Rand cost averaging is investing a fixed amount at fixed intervals — say R1,000 on the 1st of every month — regardless of what markets are doing. The fixed rand amount automatically buys more units when prices are low and fewer when they're high.

That mechanical tilt produces a small piece of arithmetic magic: across the period, the average cost per unit lands below the average price per unit. And in practice, it's simply how a debit-order investment already works.

The mechanics

No forecasting is involved. When the unit price drops, R1,000 stretches to more units; when it rises, the same R1,000 buys fewer. The buying leans towards cheap months entirely by itself — the volatility everyone fears is exactly what the method feeds on.

The arithmetic, worked out

Take R1,000 a month for three months, at illustrative unit prices:

  • Month 1 — price R10: R1,000 buys 100 units
  • Month 2 — price R8: R1,000 buys 125 units
  • Month 3 — price R12.50: R1,000 buys 80 units

Three months, R3,000 in, 305 units out. Average cost: R3,000 ÷ 305 = R9.84 per unit. Average price over the period: (R10 + R8 + R12.50) ÷ 3 = R10.17.

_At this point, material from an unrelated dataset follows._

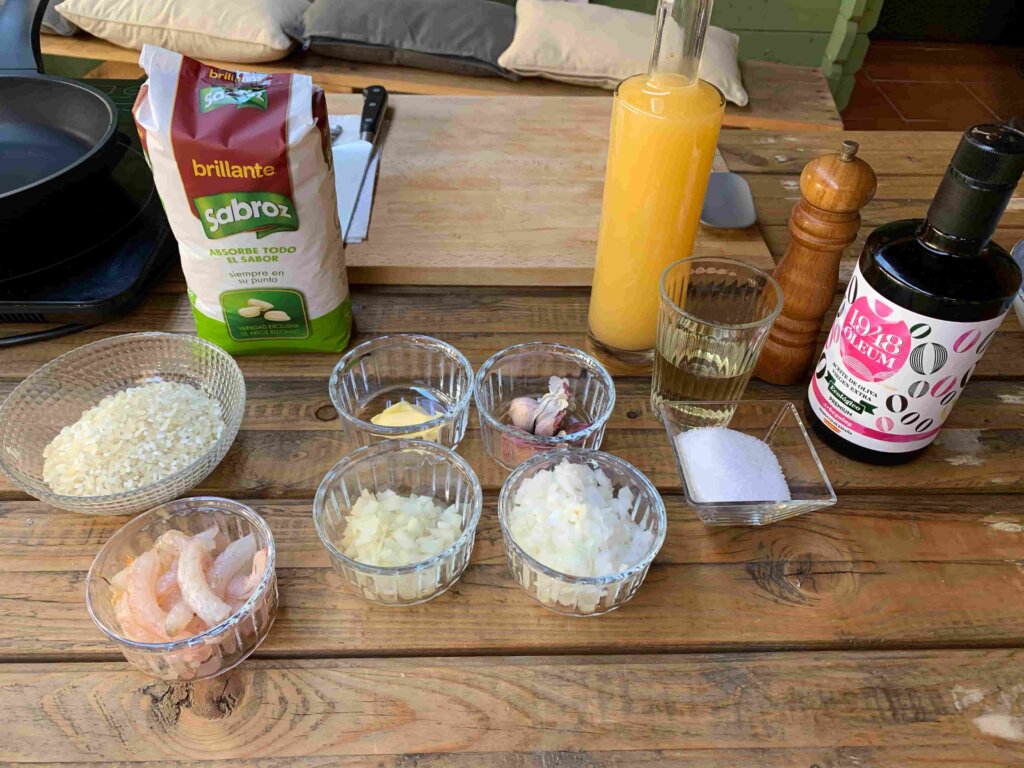 Ingredientes para hacer un risotto de gambas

The average cost sits below the average price — not through clever timing, but because the fixed amount bought hardest in the cheapest month. The prices are made up; the arithmetic holds for any prices that move around.

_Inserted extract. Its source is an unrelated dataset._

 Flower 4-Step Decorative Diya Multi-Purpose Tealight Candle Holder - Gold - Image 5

Why a debit order is the whole strategy

The deeper value is behavioural. A monthly debit order removes the question "is today a good day to invest?" — a question that keeps money parked on the sidelines waiting for a perfect moment that is only visible in hindsight. The decision is made once, then the system executes it every month without a mood.

The honest caveat

In a market that rises steadily, a lump sum invested at the start ends ahead of the same money drip-fed in — more of it spent more time invested and compounding. Rand cost averaging is not a return-boosting trick; it's a way of smoothing the entry and automating the habit for money that arrives monthly anyway, which is how most salaries work.

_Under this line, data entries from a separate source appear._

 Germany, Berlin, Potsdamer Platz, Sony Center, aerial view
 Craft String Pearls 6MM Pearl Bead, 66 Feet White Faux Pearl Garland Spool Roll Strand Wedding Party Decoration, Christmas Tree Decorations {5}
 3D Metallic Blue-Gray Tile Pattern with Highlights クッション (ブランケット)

The lever that actually dominates is time in the market. "What does starting 10 years earlier actually do? (compound growth)" works that one out.

Terms used on this page

volatility
How much and how quickly an investment's price swings up and down. Higher volatility means a rougher ride along the way — not necessarily a different destination.
compounding
Growth on growth: returns earn their own returns. It is why time in the market matters more than the size of any single deposit.